Some time back, a multinational sports company wanted to promote its products among Indian players.

They even gave away a few kits free. Soon after, a member of the team management — with no fixed duties but more powerful than even the coach — contacted the company and demanded a "cut" for himself and some other officials. The company never returned. Need we say anything else?

Field wide open

Despite all this, however, there is near-unanimity that India is too big to remain a single-sport nation. "Cricket no doubt is huge. But there is space for other sports also. And hockey, given its emotional connect, can become bigger than most other sports.
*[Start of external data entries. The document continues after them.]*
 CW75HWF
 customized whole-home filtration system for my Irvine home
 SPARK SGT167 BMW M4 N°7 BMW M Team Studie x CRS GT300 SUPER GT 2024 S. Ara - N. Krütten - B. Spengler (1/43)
Managing Director of ESPN, RC Venkateish, said: "The question is not whether hockey can be marketed. The question is, how well can we do the job. Our plans for the PHL are on track and television ratings are steadily climbing." Dasgupta took that thought forward, saying: "Re-starting the Indo-Pak series was a good idea. Sponsors are interested in such events."

Ray of hope

Amid all this gloom, though, there have been some positives. Like the proposed games between Bollywood stars and the cast of Chak De! movie, and one between India and Pakistan, on September 11. It may not have much sporting value but is a great marketing gimmick. The release of Chak De!, it seems, has brought fresh life into a sport that was on the verge of being forgotten.

A six-a-side tournament was conducted some time back among elite schools in Delhi and the response was positive from children and their parents. As Kalra put it: "After all, a movie on hockey has become a smash hit in a country that is supposed to be cricket-fanatic. But how many movies on cricket have become successful?